### Items listed in a dataset
- - - - - - -
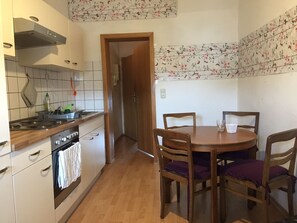 Quarto casal ou duplo clássico, 2 camas de solteiro, vista para a cidade | Cozinha privada | Geladeira, micro-ondas, cooktop, cafeteira/chaleira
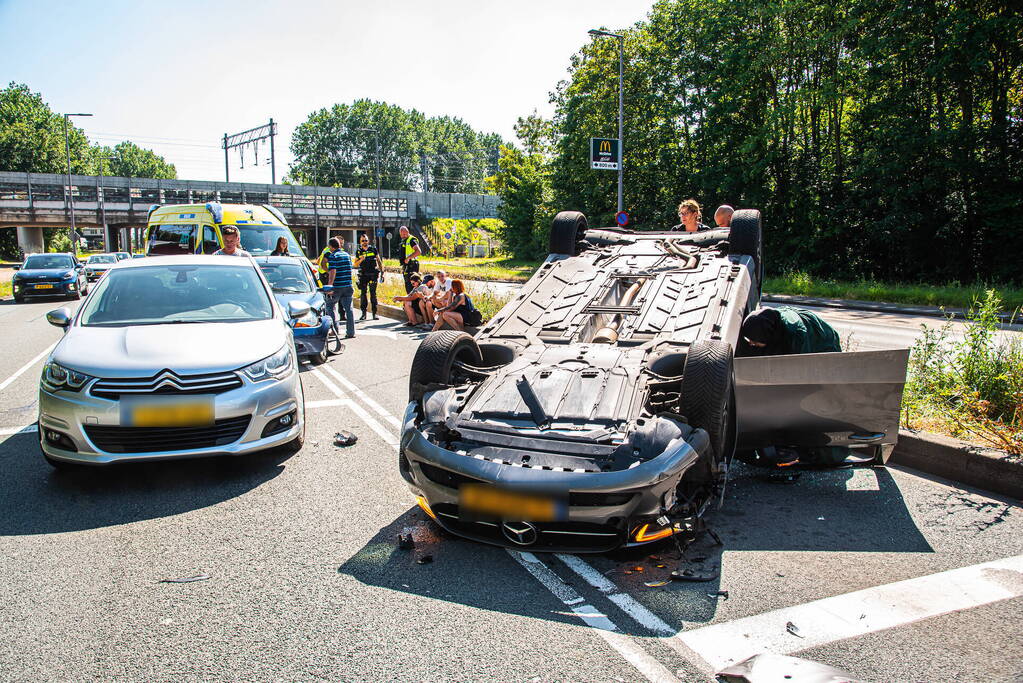 Auto belandt op zijn kop bij botsing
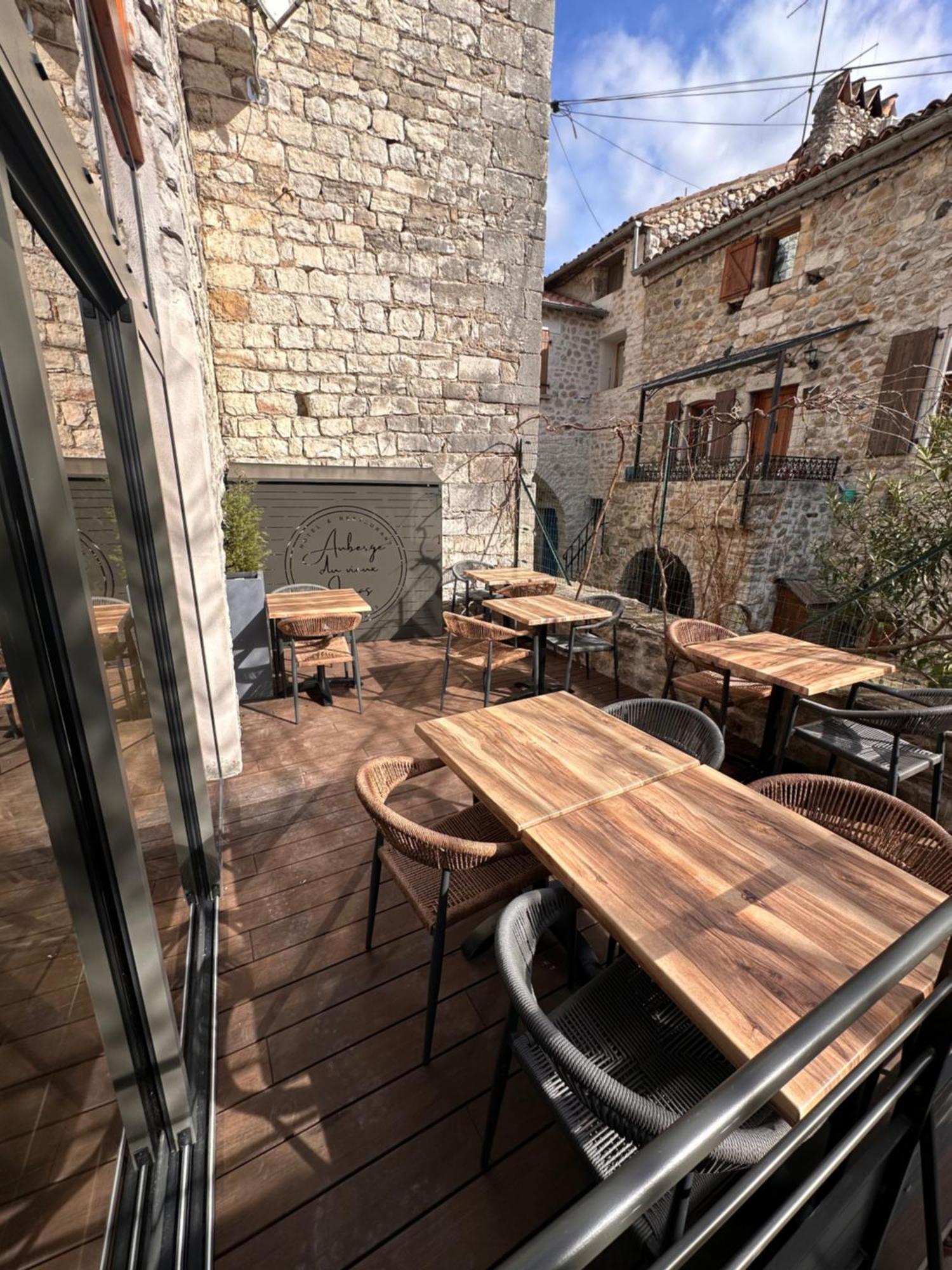 Auberge Du Vieux Lanas Logis Hotel Restaurant Exterior photo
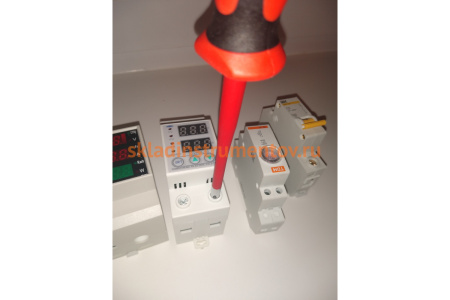 Диэлектрическая отвертка КВТ Слим PH2/FL2 100 78592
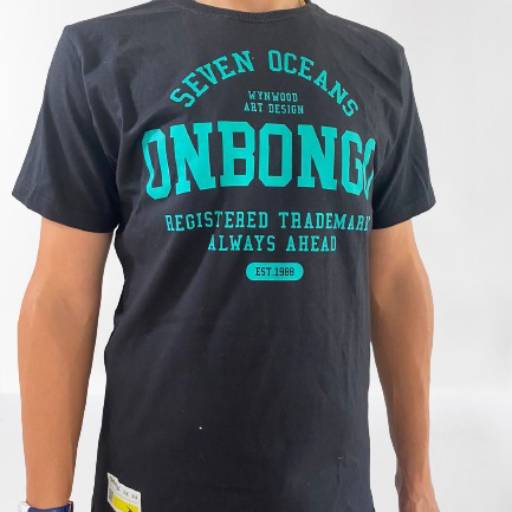 Camiseta Onbongo por Vivendo Surf Shop
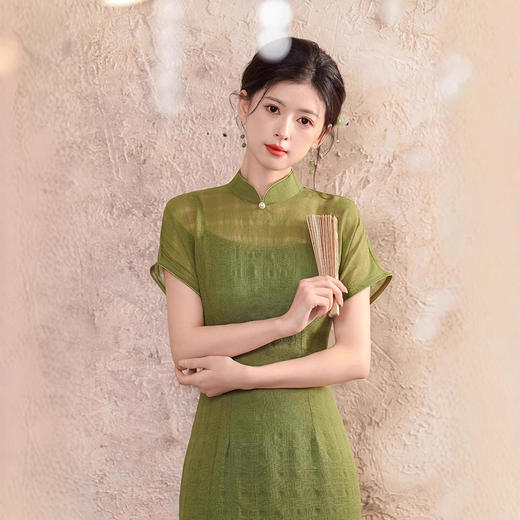古法连肩袖香云纱绿色高贵雪纺高端2025新款修身春夏款旗袍TX8898 商品图3
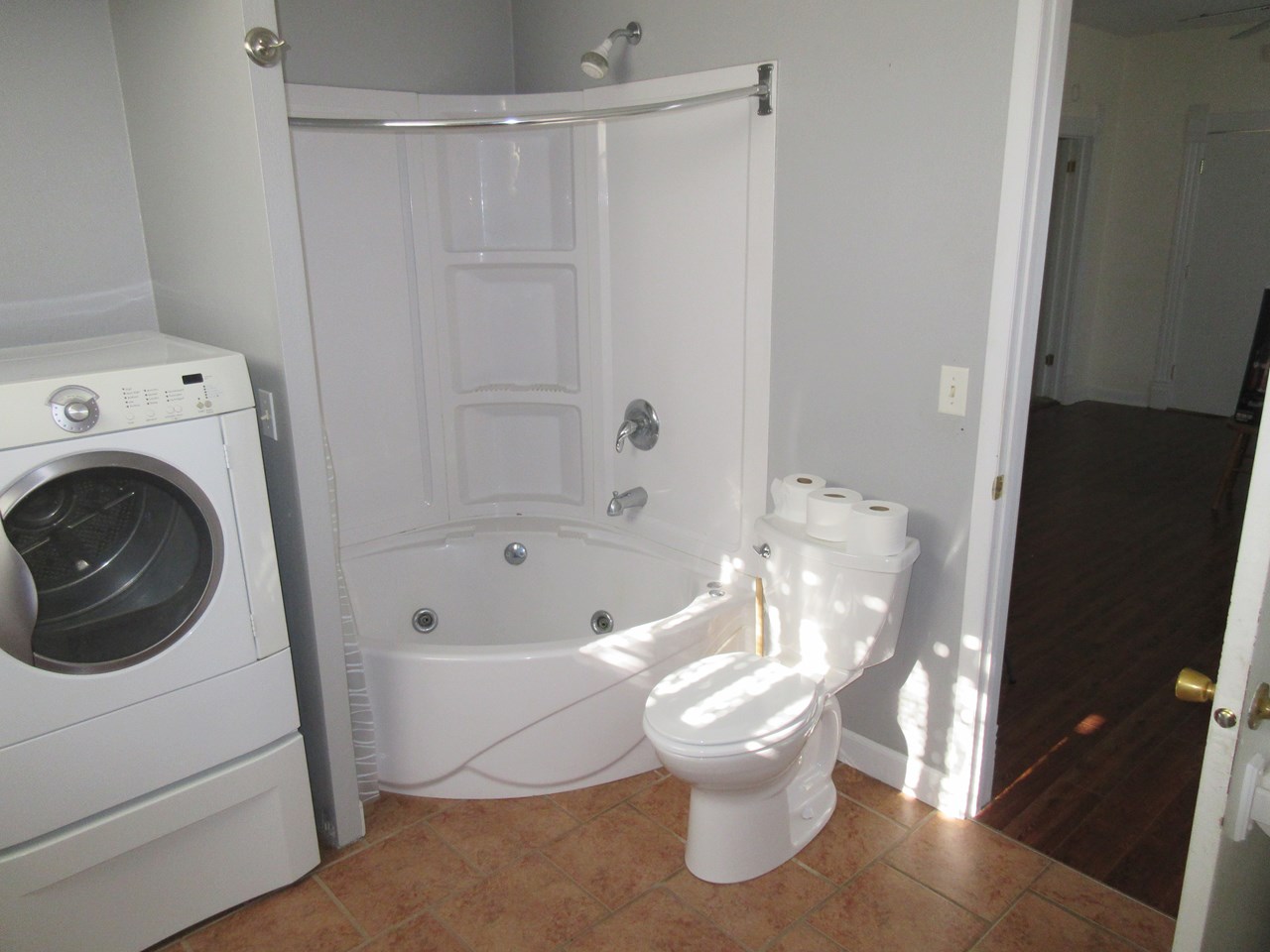 main floor bathroom washer and dryer are not included.  the shower works, but jets in tub do not.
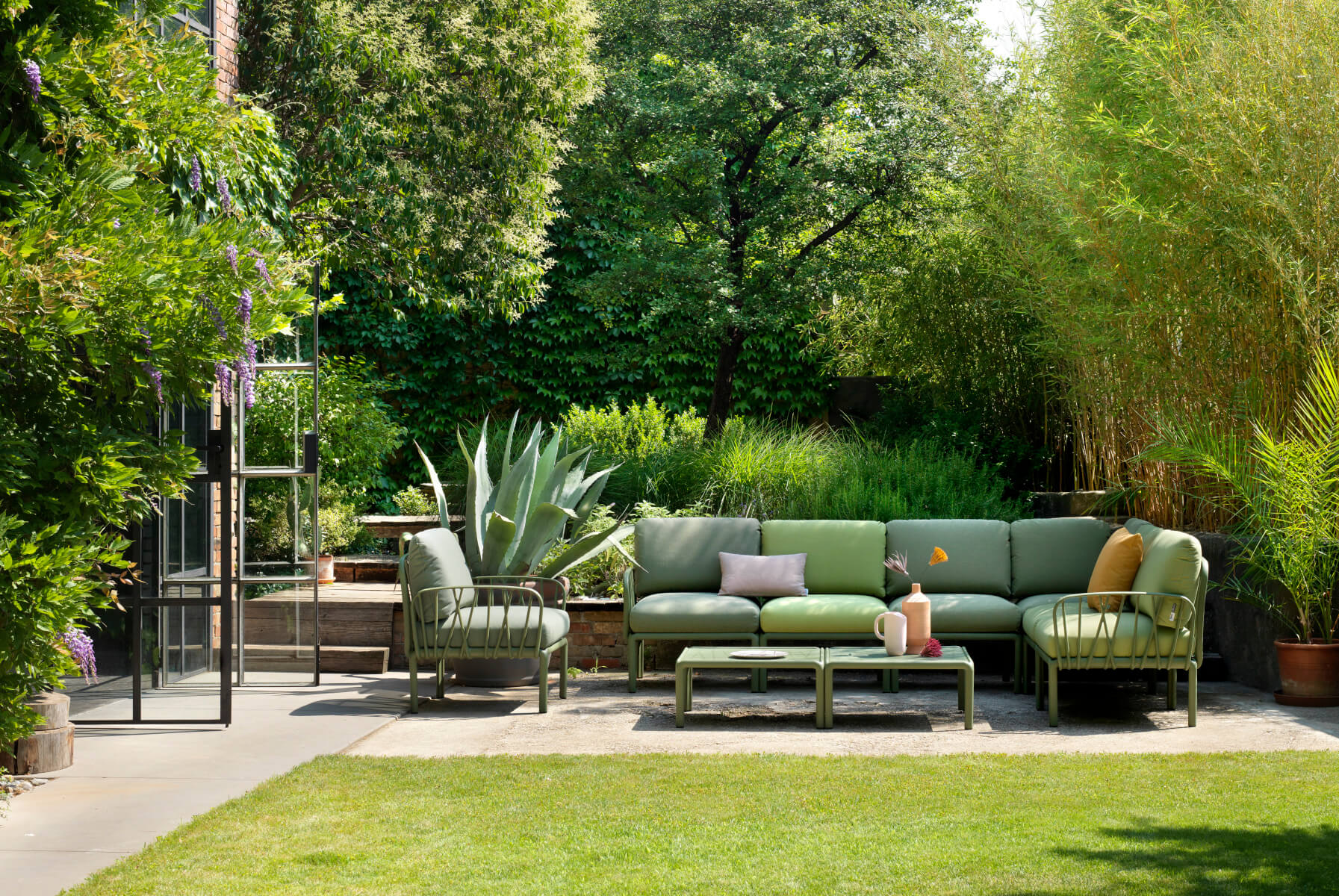 Nardi Komodo Modulsofa Mittelelement, komfortabel, pflegeleicht und farbenfroh – ideal für Garten oder Lounge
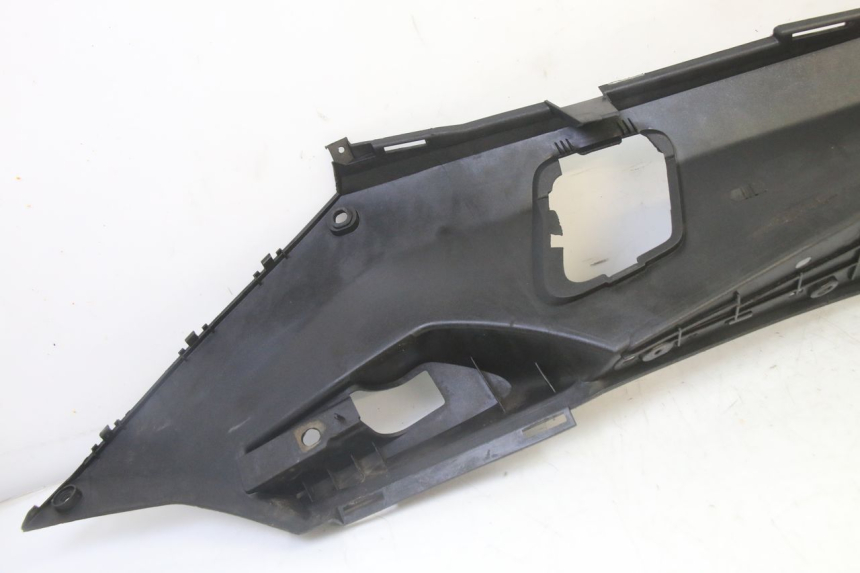 photo de TAPA REPOSAPIES IZQUIERDA PEUGEOT SATELIS 125 (2013 - 2018)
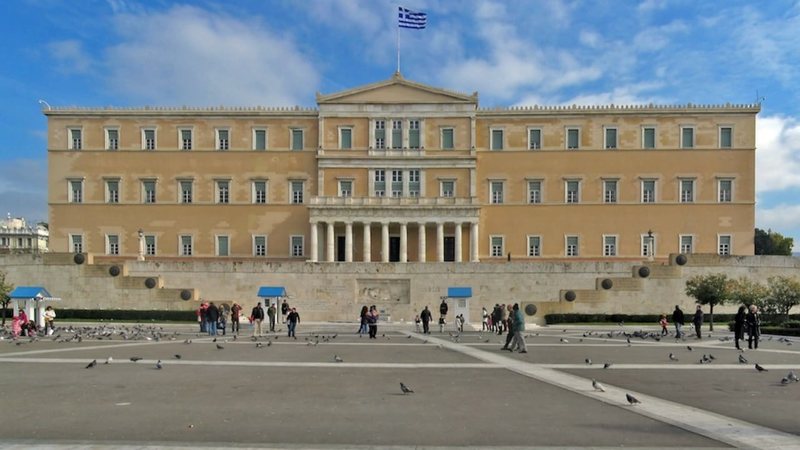 “Të kthehen emigrantët” – Greqia ashpërson ligjin për emigracionin, ‘plas’ debati në parlament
- - - - - - -
Reprint every record exactly and skip the pictures.

 Quarto casal ou duplo clássico, 2 camas de solteiro, vista para a cidade | Cozinha privada | Geladeira, micro-ondas, cooktop, cafeteira/chaleira
 Auto belandt op zijn kop bij botsing
 Auberge Du Vieux Lanas Logis Hotel Restaurant Exterior photo
 Диэлектрическая отвертка КВТ Слим PH2/FL2 100 78592
 Camiseta Onbongo por Vivendo Surf Shop
古法连肩袖香云纱绿色高贵雪纺高端2025新款修身春夏款旗袍TX8898 商品图3
 main floor bathroom washer and dryer are not included.  the shower works, but jets in tub do not.
 Nardi Komodo Modulsofa Mittelelement, komfortabel, pflegeleicht und farbenfroh – ideal für Garten oder Lounge
 photo de TAPA REPOSAPIES IZQUIERDA PEUGEOT SATELIS 125 (2013 - 2018)
 “Të kthehen emigrantët” – Greqia ashpërson ligjin për emigracionin, ‘plas’ debati në parlament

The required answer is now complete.